Container Scheduler Simulator: one pod at a time.
A scheduler is a function: given a queue of pods that want resources and a set of nodes that have resources, place each pod on a node. The Kubernetes version runs two phases — filter (predicates) then score (priorities). The ECS version picks a strategy — binpack, spread, or random. The autoscaler watches what didn't fit and grows the cluster. Queue tasks, pick a strategy, step the scheduler, and watch the packing arithmetic resolve.
The grid of node cards is your cluster — each shows CPU and memory bars and the
pods placed on it. The pending queue lists pods waiting for a home, with their
resource asks and any constraints (↔ means co-locate, ✗
means keep apart, tol is a taint toleration). Step the scheduler and it
picks one pending pod, filters out nodes that can't hold it, scores the survivors,
and commits to the winner. Score badges and the log show that arithmetic as it runs.
Step all once with binpack, then reset, switch to spread, and step all again — same
pods, but binpack stuffs them onto the fewest nodes while spread fans them wide.
Watch gpu-train: it only ever lands on the tainted GPU node because it's
the one pod that tolerates the taint. The surprise is what happens at capacity. Queue
a pod bigger than any free node and, with the autoscaler on, a brand-new node appears
rather than the pod sitting unschedulable. Turn the autoscaler off and the same pod
gets stuck, with the log naming exactly which constraint each node failed.
What container scheduling actually is
You have a set of nodes with finite CPU and memory, and a queue of containers that each declare what they need. The scheduler's job is to decide which container runs on which node. Framed cleanly, it's the multi-dimensional bin-packing problem — NP-hard in the general case, and even harder in practice because items arrive online (the queue is fed forever) and they're not interchangeable (a GPU job demands a GPU node, an anti-affinity pod refuses a specific neighbour).
Production schedulers don't try to find the optimum. They use online heuristics — fast filters, simple scoring functions, no backtracking. Kubernetes' kube-scheduler places roughly 100 pods per second on a typical cluster; ECS does similar with its task placement engine.
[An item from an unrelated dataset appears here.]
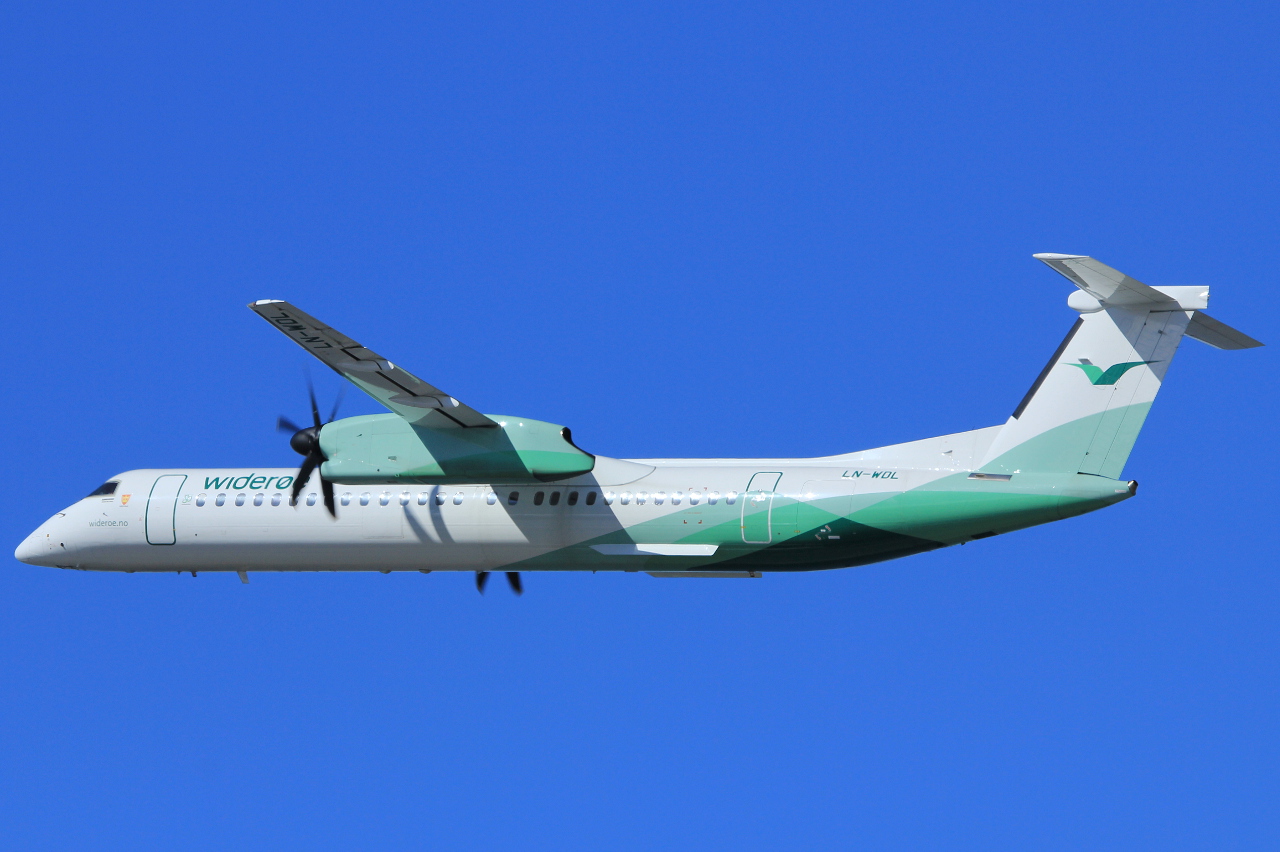 LN-WDL (4392) 2011 Bombardier Dash 8-Q402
The goal isn't perfect packing; it's "good enough, fast enough, deterministically enough that nothing falls over".
ECS task placement strategies
ECS exposes three strategies you can stack: binpack places tasks on the instance with the least available CPU or memory (pack tight, scale down cheaply), spread distributes tasks across an attribute — most commonly attribute:ecs.availability-zone for HA, or instanceId for even per-host distribution, and random picks any candidate. Stacks evaluate in order: [spread by AZ, binpack memory] means "first balance across AZs, then within an AZ pack tightly by memory".
Placement constraints are separate from strategies. distinctInstance guarantees no two tasks land on the same EC2 instance (think of a daemonset replica per host). memberOf uses cluster query language expressions like attribute:ecs.instance-type =~ c5.* to scope placement to a subset of the cluster. Constraints filter; strategies rank.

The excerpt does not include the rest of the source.